▶ [Task to carry out] Type out each record word for word. Pictures stay out.

[Opening Dataset excerpts section]

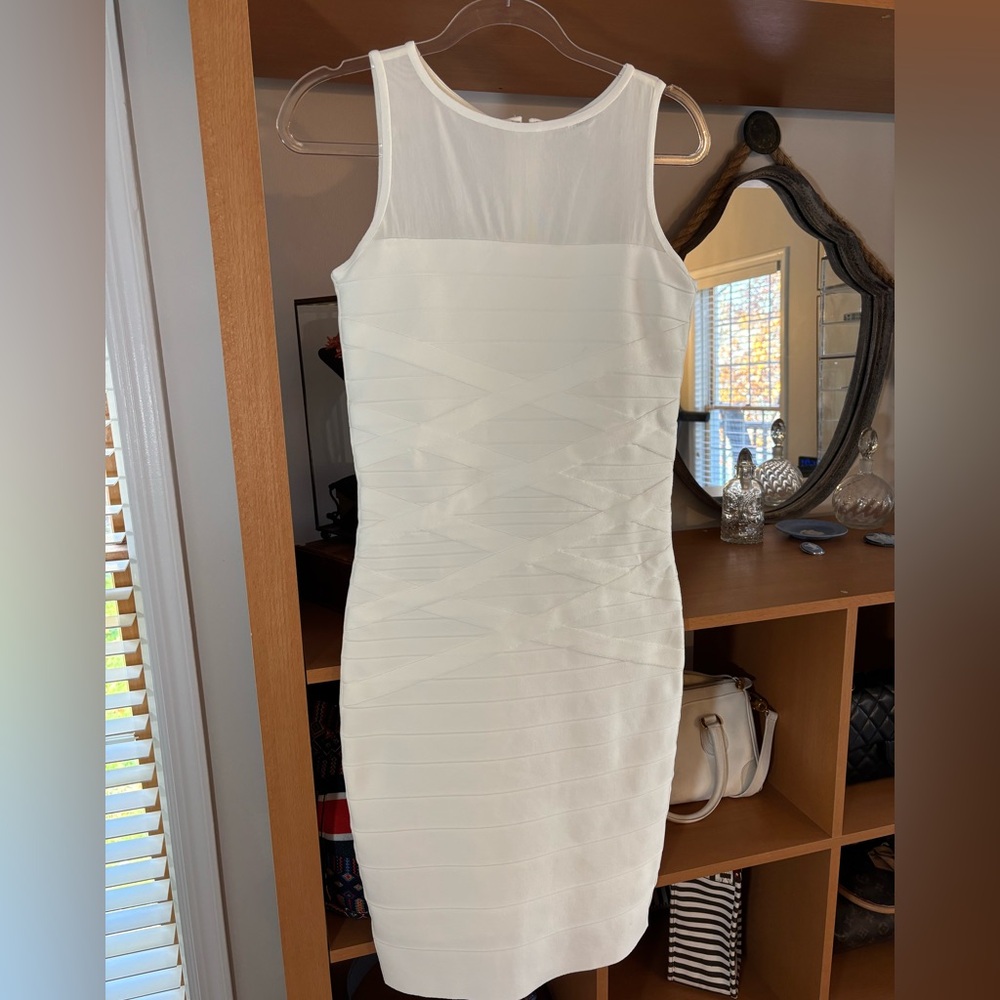 Dress the Population white size medium Ximena Bandage Bodycon Dress.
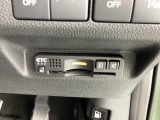 ETC車載機が付いてます。ETCが使用可能な道路通行料はキャッシュレスでスマートに走行できます。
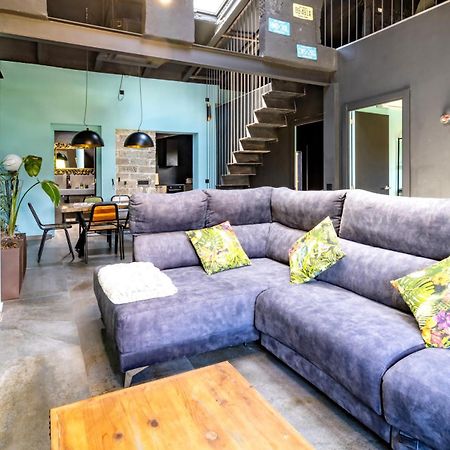 Black House Sorprendente Casa Estilo Industrial 奥洛特 外观 照片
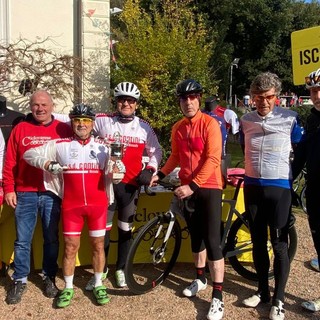 Il raduno cicloturistico a Sangiano (foto Azzimonti)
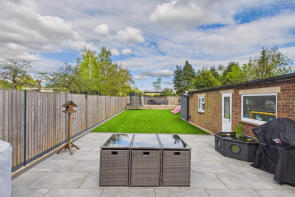 14, Adeyfield Gardens, Hemel Hempstead HP2 5JX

[Closing Dataset excerpts section]

▶ [Task answer]
 Dress the Population white size medium Ximena Bandage Bodycon Dress.
 ETC車載機が付いてます。ETCが使用可能な道路通行料はキャッシュレスでスマートに走行できます。
 Black House Sorprendente Casa Estilo Industrial 奥洛特 外观 照片
 Il raduno cicloturistico a Sangiano (foto Azzimonti)
 14, Adeyfield Gardens, Hemel Hempstead HP2 5JX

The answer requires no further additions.